(GIVEN RECORDS begins)

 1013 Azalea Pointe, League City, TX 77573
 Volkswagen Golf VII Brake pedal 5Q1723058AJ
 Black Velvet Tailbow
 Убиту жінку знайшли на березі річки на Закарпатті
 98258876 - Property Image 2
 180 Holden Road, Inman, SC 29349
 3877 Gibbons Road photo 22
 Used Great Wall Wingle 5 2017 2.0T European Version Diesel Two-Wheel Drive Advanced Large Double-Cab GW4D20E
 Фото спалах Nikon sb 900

(GIVEN RECORDS ends)
(GIVEN RECORDS begins)

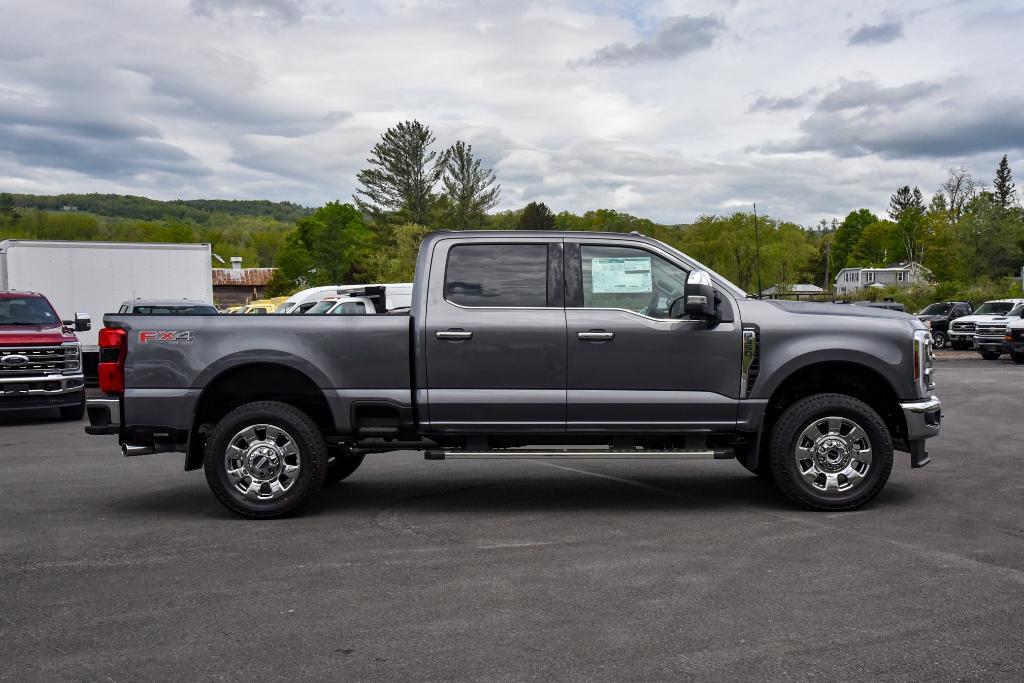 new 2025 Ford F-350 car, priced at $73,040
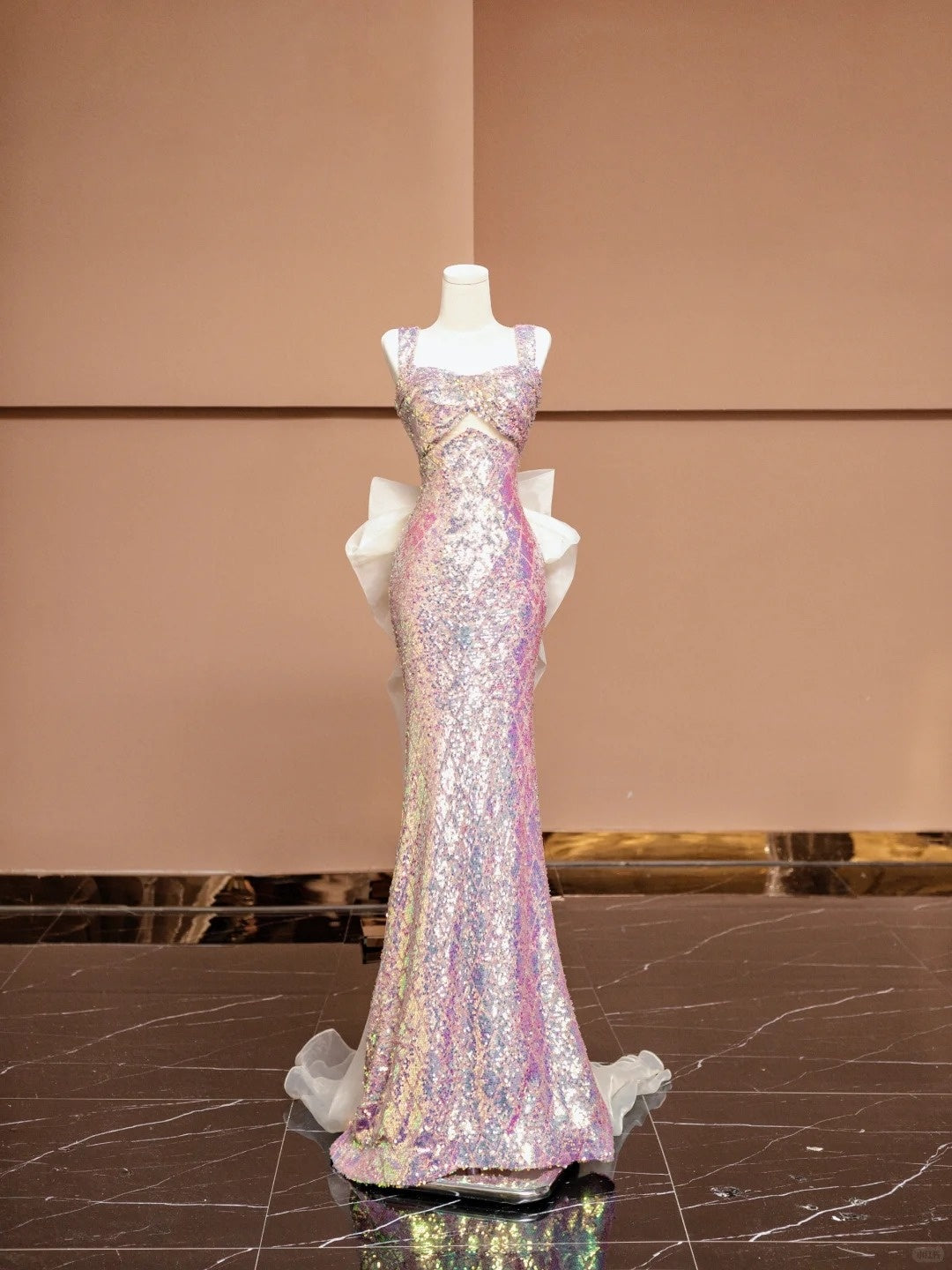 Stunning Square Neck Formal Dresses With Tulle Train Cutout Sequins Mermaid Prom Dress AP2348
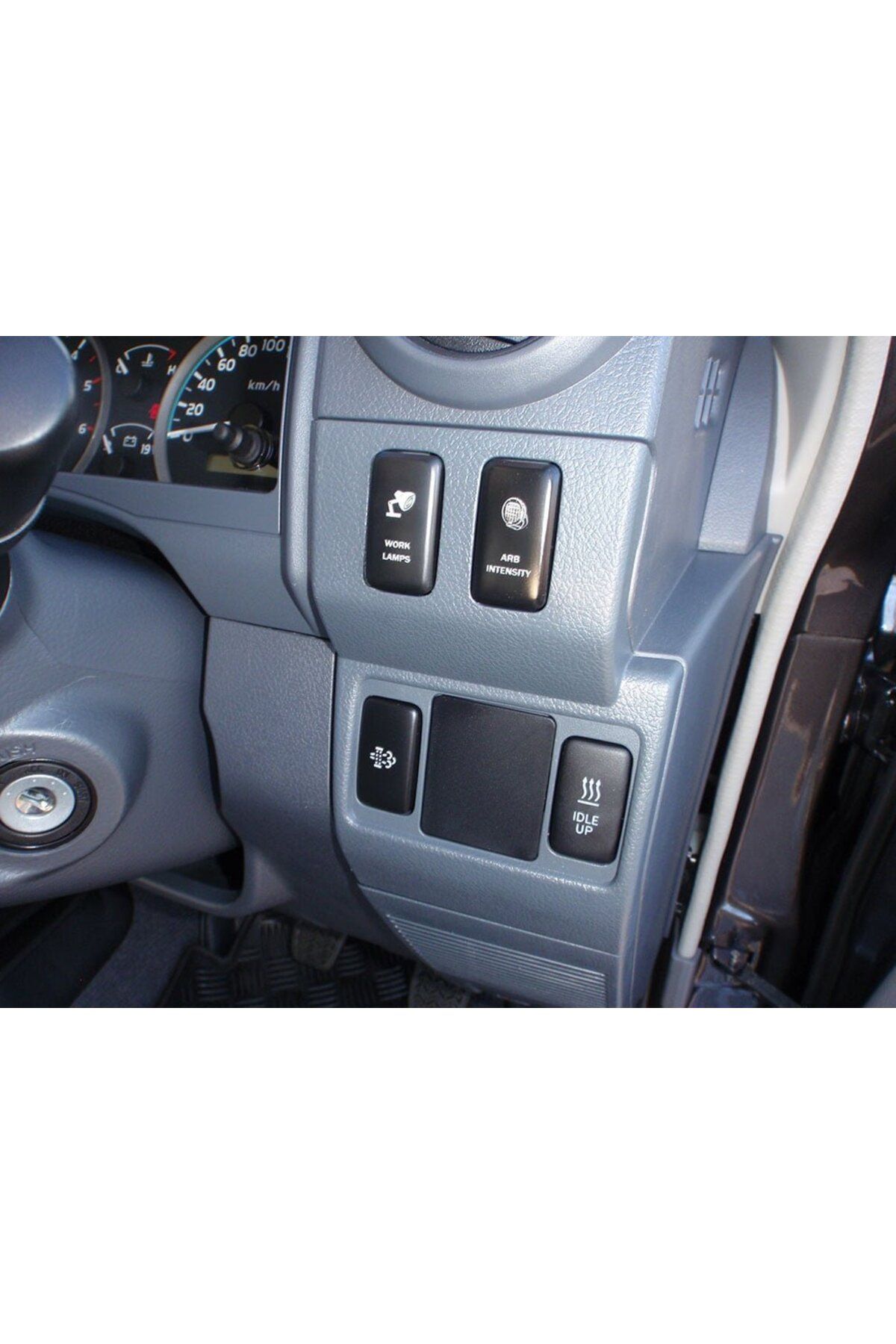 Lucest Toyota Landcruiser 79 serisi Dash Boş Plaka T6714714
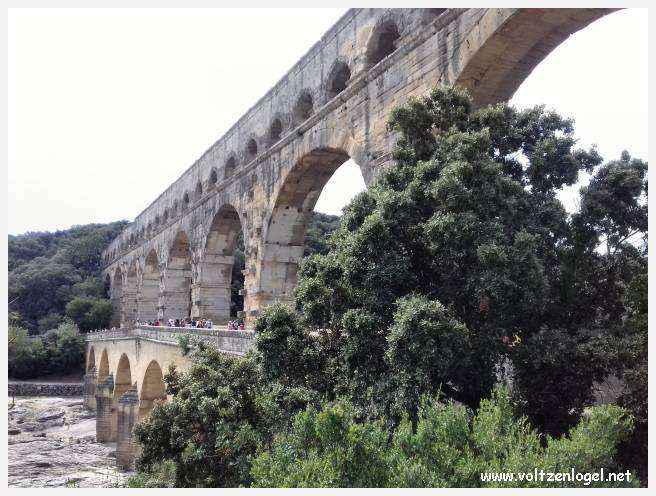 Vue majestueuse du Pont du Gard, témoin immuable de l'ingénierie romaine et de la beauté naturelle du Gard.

(GIVEN RECORDS ends)
(GIVEN RECORDS begins)

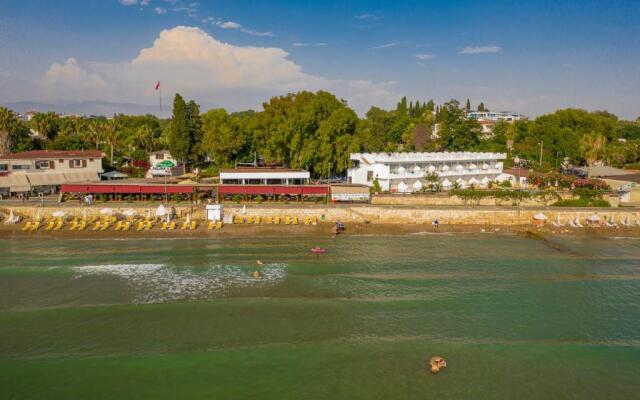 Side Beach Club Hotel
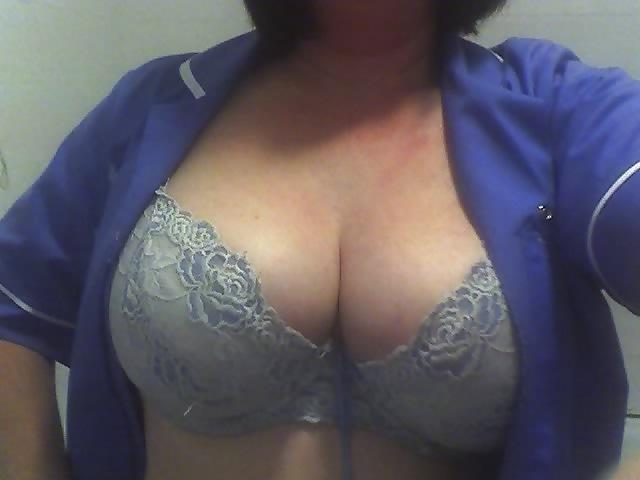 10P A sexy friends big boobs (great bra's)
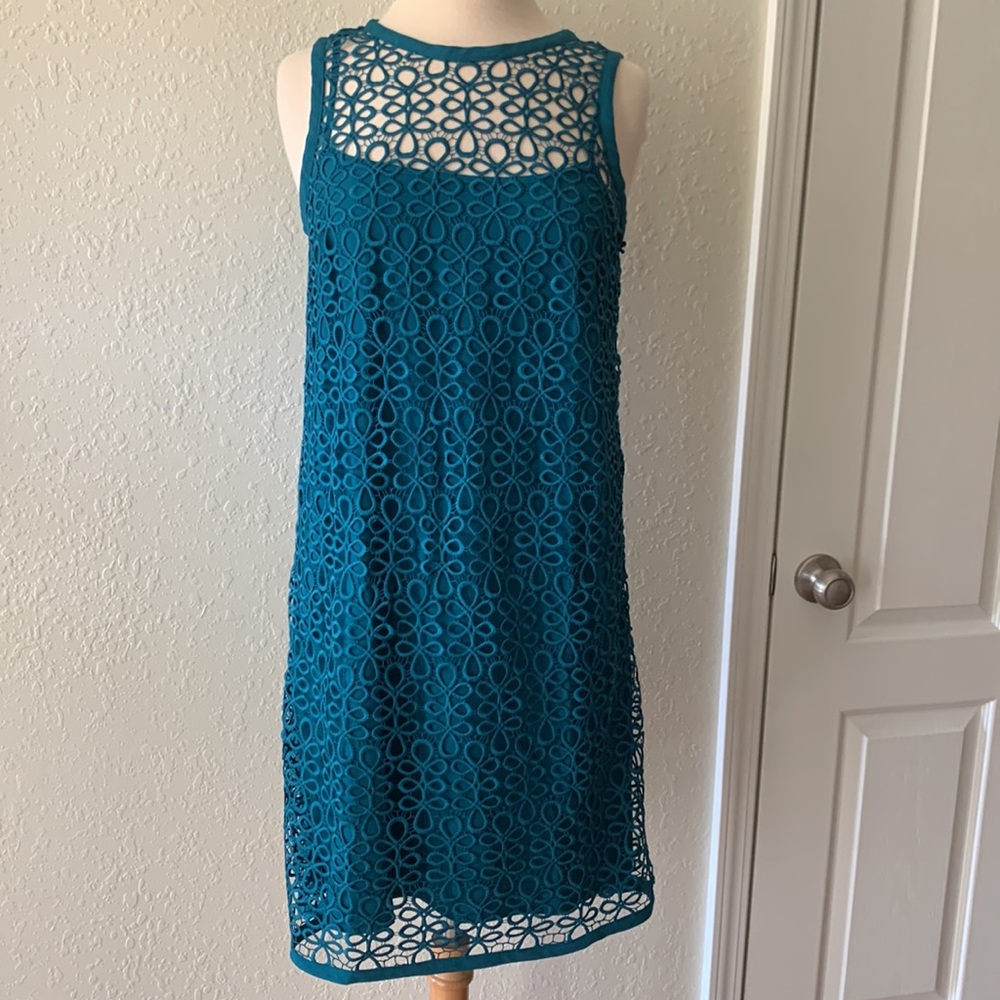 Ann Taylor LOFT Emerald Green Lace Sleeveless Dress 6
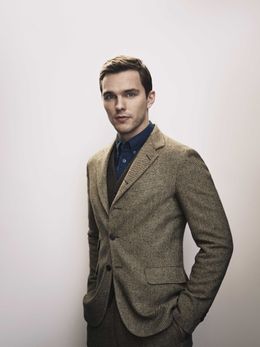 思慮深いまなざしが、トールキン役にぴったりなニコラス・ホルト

(GIVEN RECORDS ends)

Copy the lines above exactly. Start with the line containing "1013 Azalea Pointe, League City, TX 77573", end with the line containing "Фото спалах Nikon sb 900", and include both.

**EXERCISE RESPONSE**
 1013 Azalea Pointe, League City, TX 77573
 Volkswagen Golf VII Brake pedal 5Q1723058AJ
 Black Velvet Tailbow
 Убиту жінку знайшли на березі річки на Закарпатті
 98258876 - Property Image 2
 180 Holden Road, Inman, SC 29349
 3877 Gibbons Road photo 22
 Used Great Wall Wingle 5 2017 2.0T European Version Diesel Two-Wheel Drive Advanced Large Double-Cab GW4D20E
 Фото спалах Nikon sb 900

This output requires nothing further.